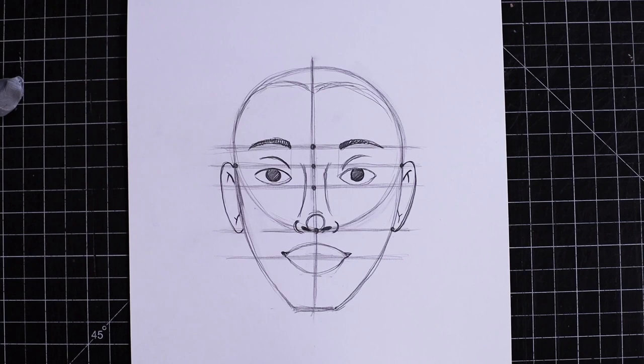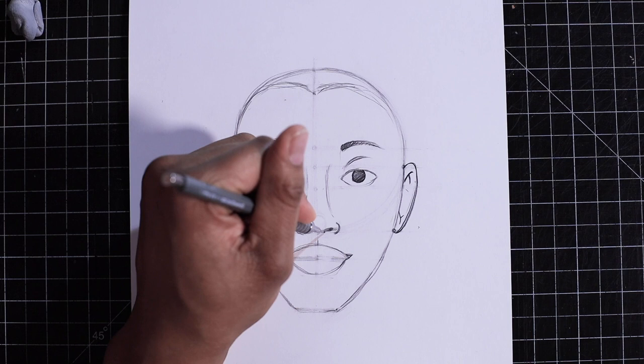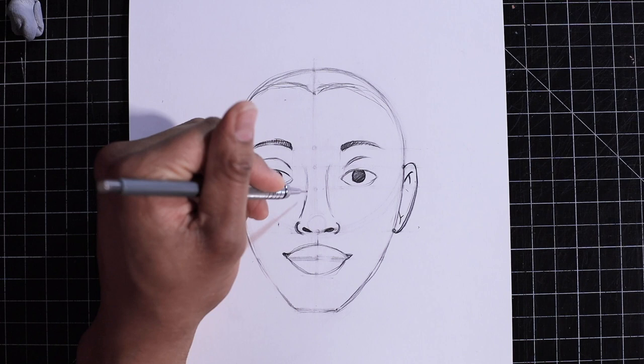At this point, let's go ahead and erase our guidelines. Now it's really up to you what you want to do — I'm just going to draw in some facial features and do some shading.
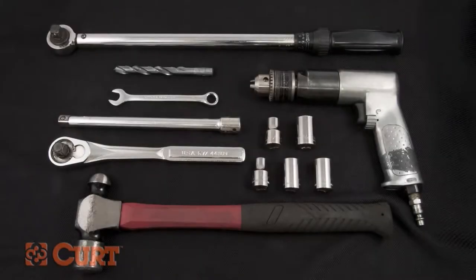Let's go over the tools necessary for the install. You will need a hammer, a half inch socket, a three quarter inch socket, a ten millimeter socket, a ten millimeter wrench, a 15 millimeter socket, a 17 millimeter socket, a half inch ratchet, half inch extension, and a half inch torque wrench. You will also need a drill with a 17/32nds drill bit.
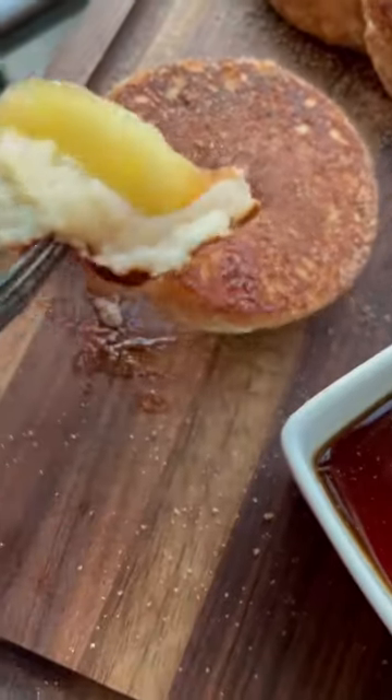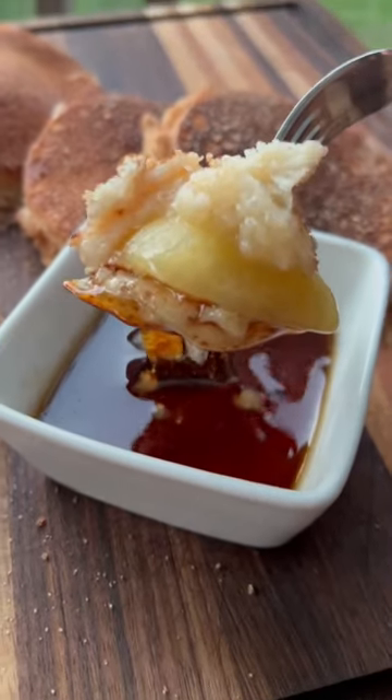These apple pie pancakes might be my new favorite breakfast. These will be perfect for fall and they're super easy to make.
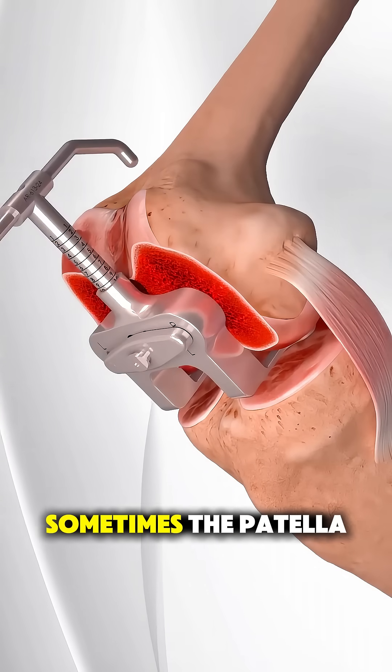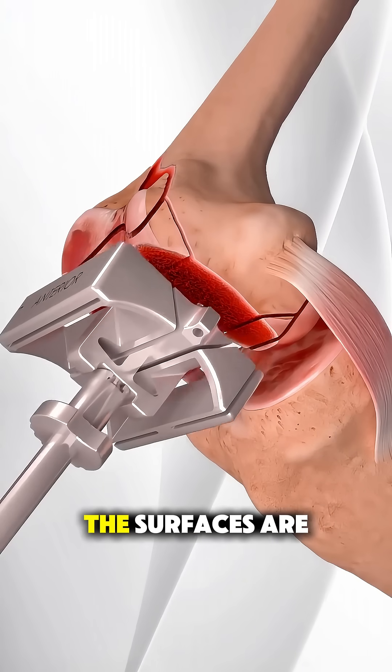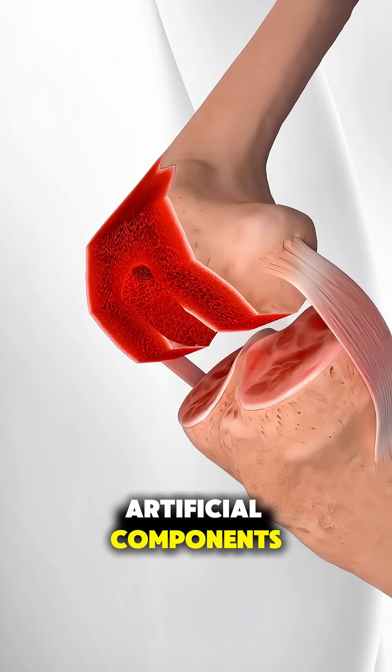the shin bone, and sometimes the patella, the kneecap, are carefully removed using precise instruments. The surfaces are shaped to perfectly fit the new artificial components.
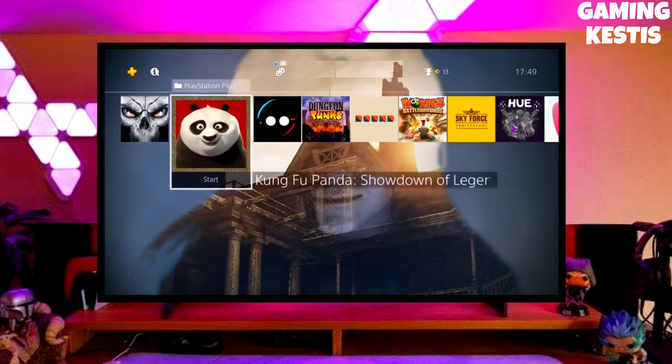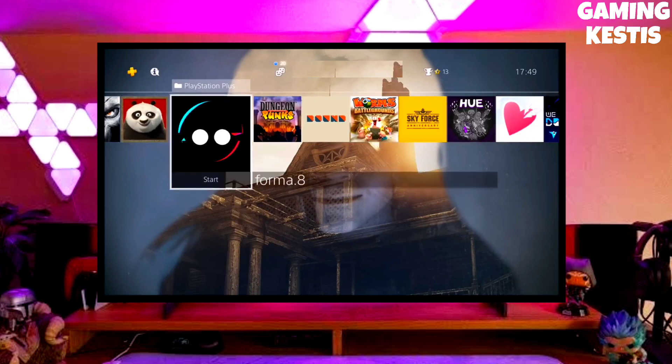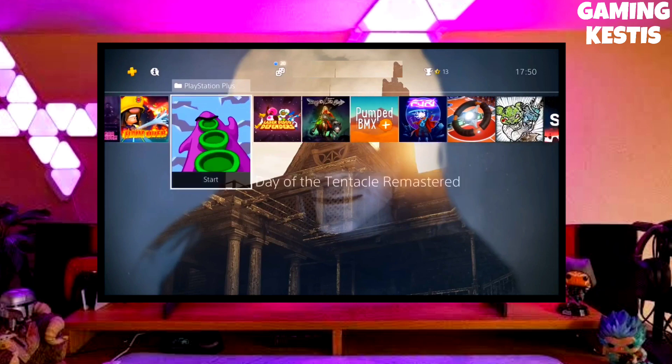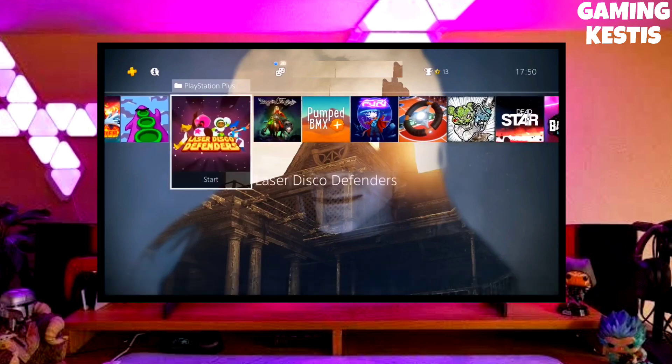After jailbreaking your PS4 successfully, you just have to simply test the jailbreak. You can now enjoy your PS4 with lots of fun things. You don't need to be confused about your PS4 model, because you can jailbreak any PS4 with this method.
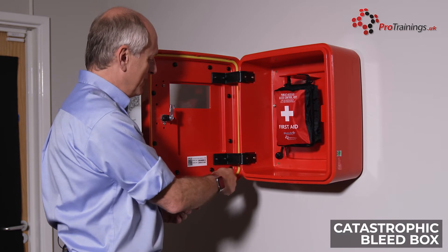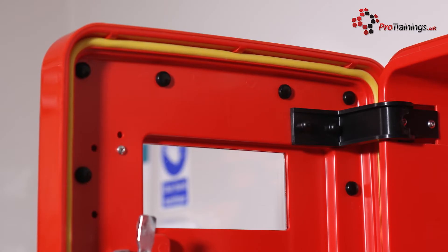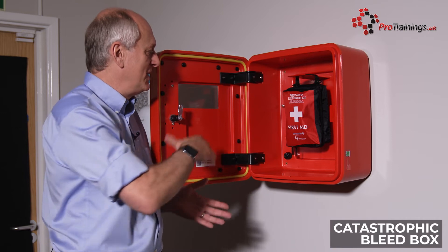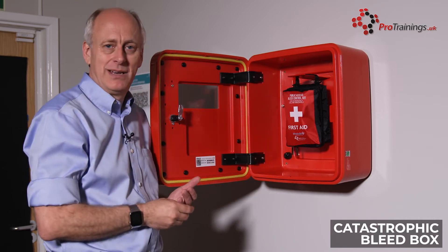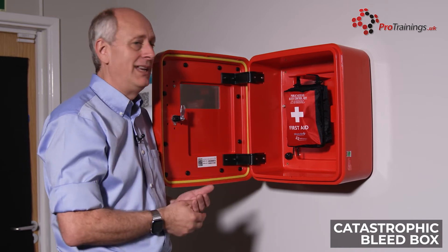Now with the kits themselves, around the outside here there is a yellow seal, and this seal provides a good watertight seal for the box. As you can see, there is plenty of room inside if you are going to have a larger kit, a multi-use kit, or any of the other kits on the market.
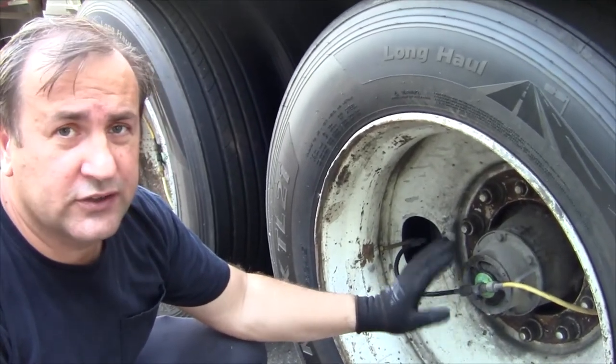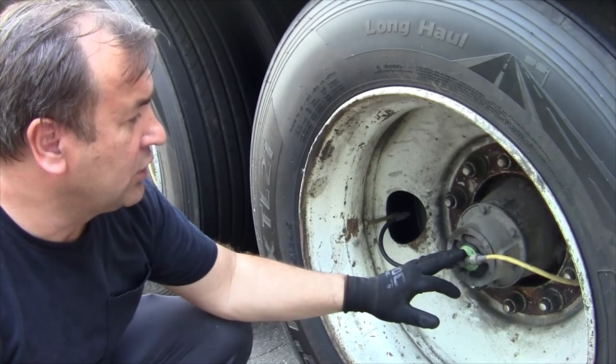If you have this system here which inflates your tires and keeps your pressure at the same level, this is good for your trailer. Even if you get a leak from a nail, it's not going to lose much air - you'll be able to get to your destination and replace it.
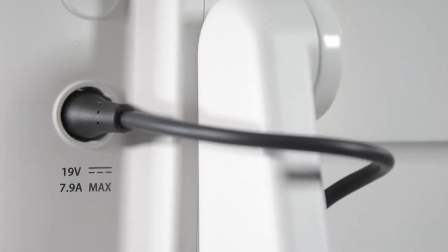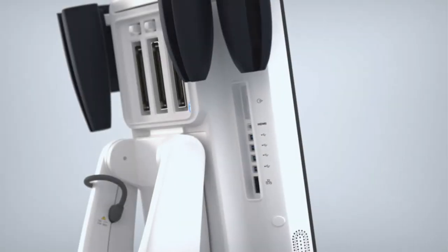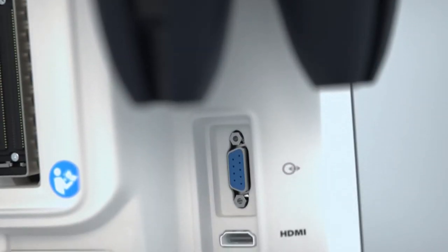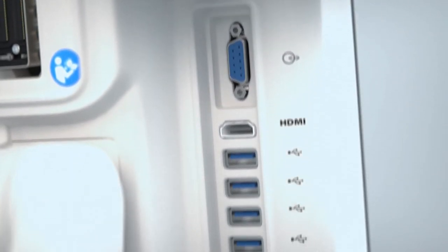On the rear of the system, there is a power cord connecting the cart to the monitor on the left above the power button. On the right, there are multiple ports from top to bottom: DVI, HDMI, four USB ports, and an Ethernet connection port.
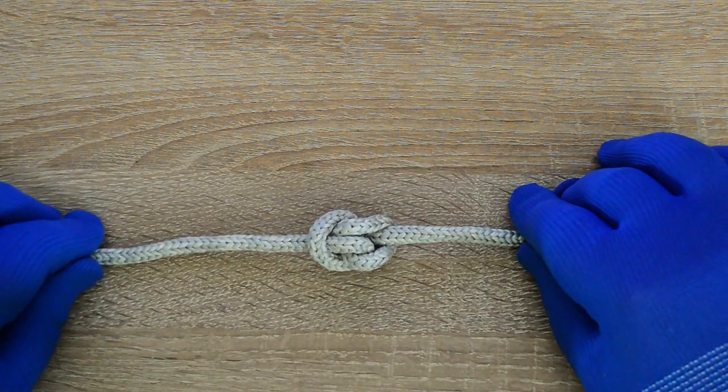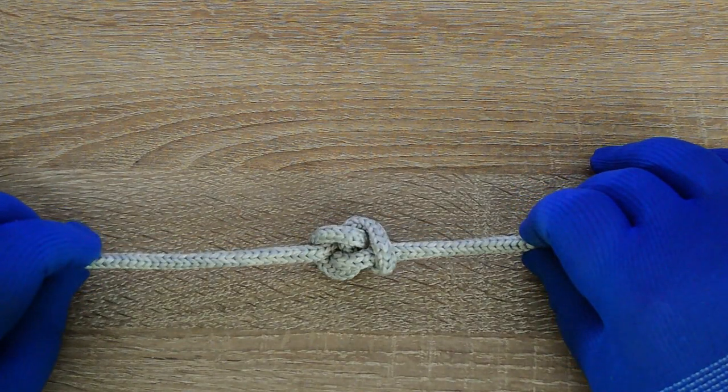Hello, everyone. Captain Oleg Volski here. Let's learn how to tie a blimp knot.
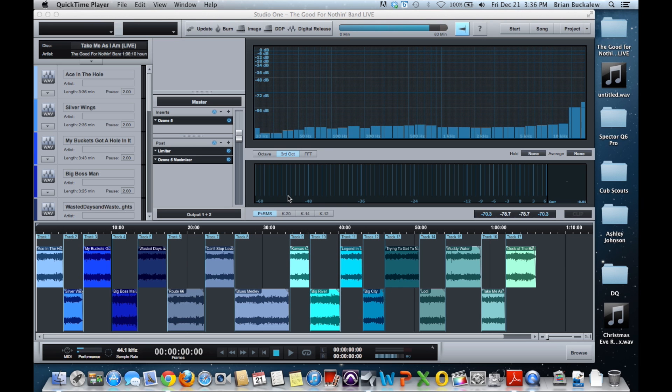Hi everyone, this is Brian Buckaloo from ProVision Studios. I'm here to show an option for mastering. A question was asked: what do I do for mastering in Pro Tools? And I'll be honest — I don't master in Pro Tools. I know I did a video recently showing how you could master in Pro Tools, but that is not the program I prefer to work in when it comes to mastering.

**PROBLEM REQUIREMENTS**.
In the listing above, find the line with "the shin bone, and" and the line with "After jailbreaking your". Set down both and every line between them, minus the pictures.

**SOLVED PROBLEM**.
the shin bone, and sometimes the patella, the kneecap, are carefully removed using precise instruments. The surfaces are shaped to perfectly fit the new artificial components.
After jailbreaking your PS4 successfully, you just have to simply test the jailbreak. You can now enjoy your PS4 with lots of fun things. You don't need to be confused about your PS4 model, because you can jailbreak any PS4 with this method.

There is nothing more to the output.